Another big difference from the U.S. and Europe is that all of Australia’s major ski resorts are located in national parks. This is a major contrast with the United States, where national parks have been largely protected from ski resort development—and as a result, no major resorts are located in one. But where this becomes especially relevant to the cost equation is that driving to every Australian ski resort warrants a national park entry fee. And these entry fees aren’t trivial: in New South Wales, a one-day pass costs 29 AUD. That already sounds pretty high, but it’s unfortunately just a drop in the bucket when you learn it’s a staggering 67 AUD per day to drive to the Victoria ski resorts. Buses from nearby towns may seem like an alternative, but a one-person round-trip bus ticket is no cheaper than the park passes, so there’s really no getting around the fee, and if you’re not alone, it’s still cheaper to bite the bullet and pay for the day pass. When you take into account the inflated lift ticket rates, parking passes, mandatory chain rentals, and accommodation costs, you’re going to be paying one of the highest rates anywhere in the world to ski or ride at an Australian ski resort.

 
On-site lodge at Perisher ski resort with a snowmobile sign.

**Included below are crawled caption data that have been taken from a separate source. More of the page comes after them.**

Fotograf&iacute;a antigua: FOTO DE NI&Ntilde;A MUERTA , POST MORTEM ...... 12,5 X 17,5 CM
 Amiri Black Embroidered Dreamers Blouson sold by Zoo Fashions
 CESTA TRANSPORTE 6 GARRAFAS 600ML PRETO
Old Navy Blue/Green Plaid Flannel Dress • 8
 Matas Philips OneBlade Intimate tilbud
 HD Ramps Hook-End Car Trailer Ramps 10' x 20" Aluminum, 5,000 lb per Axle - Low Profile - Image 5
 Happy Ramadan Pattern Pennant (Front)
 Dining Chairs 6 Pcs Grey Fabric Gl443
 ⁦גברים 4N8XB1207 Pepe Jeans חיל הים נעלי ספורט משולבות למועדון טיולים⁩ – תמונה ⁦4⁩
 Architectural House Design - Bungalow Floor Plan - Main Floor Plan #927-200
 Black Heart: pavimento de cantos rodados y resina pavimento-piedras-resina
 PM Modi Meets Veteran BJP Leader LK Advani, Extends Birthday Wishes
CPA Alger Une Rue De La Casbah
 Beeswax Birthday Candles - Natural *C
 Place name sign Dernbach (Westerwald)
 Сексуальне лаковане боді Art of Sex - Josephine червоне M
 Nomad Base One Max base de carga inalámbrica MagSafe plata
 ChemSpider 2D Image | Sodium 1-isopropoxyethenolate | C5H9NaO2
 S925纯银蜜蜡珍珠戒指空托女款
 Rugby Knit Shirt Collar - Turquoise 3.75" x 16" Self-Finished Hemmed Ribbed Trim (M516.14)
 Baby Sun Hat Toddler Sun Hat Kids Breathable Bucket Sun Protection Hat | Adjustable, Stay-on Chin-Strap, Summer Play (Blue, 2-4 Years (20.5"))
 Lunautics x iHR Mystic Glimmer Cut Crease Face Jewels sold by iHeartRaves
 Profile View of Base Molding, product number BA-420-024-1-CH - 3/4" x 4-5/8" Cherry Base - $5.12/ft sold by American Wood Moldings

Australia’s ski resort lodging is among the most expensive in the world. Some on-site accommodations require getting there by snowcat (which is often not included with the cost of the lodge itself).

 

Weather and On-Mountain Facilities

Okay, so skiing in Australia is expensive. But do the country’s resorts have the on-mountain conditions to justify such a price? Well, one of the biggest surprises for some Northern Hemisphere visitors may be just how mild the temperatures are. Even in mid-winter, the coldest days rarely dip below 25°F (-4°C); fluke extremes of as low as 8°F (-13°C) have occurred at night, but they are extraordinarily rare.

Perhaps in large part thanks to the milder weather, on-mountain dining leans toward smaller outdoor cafés and bar-restaurants rather than the sprawling cafeterias common in North America. 

There are also some unique food options that are probably more reflective of Australian culture than ski resort operations themselves, including meat pies, sausage rolls, and dim sims, among other things. Hot dogs are especially interesting compared to the States—as much as we love our artificial dyes up North, you have some of the most artificially red hot dogs we’ve ever seen as standard fare at most Australian resorts. Many of these same food outlets also offer Kranskys, or jumbo hotdogs that are effectively higher quality sausages. The resorts also seem to love offering chicken schnitzel, either in sandwich or platter form, although if you’ve had this in the Austrian or Italian Alps, don’t expect the same quality dish.

 

Australia has a ton of outside food facilities on account of its generally mild weather.

 

Snow and Resiliency

However, while the weather makes for comfortable conditions and a wide variety of outdoor seating opportunities, it also contributes to one of Australia’s biggest challenges: inconsistent snow. Seasonal variability is a constant headache. In a bad year or even just an average one, you’ll deal with icy slopes, limited open terrain, and thin cover, especially in lower-mountain areas. Complete bare spots can be a thing on open runs, since some resorts will still keep poorly covered trails open if they serve as key connectors. In really lean stretches, you may even have to unclip and walk across dirt. A “good” season in Australia means decent coverage across most terrain, while a “great” one means 100% of the resort stays open for an extended stretch, which is obviously far from guaranteed.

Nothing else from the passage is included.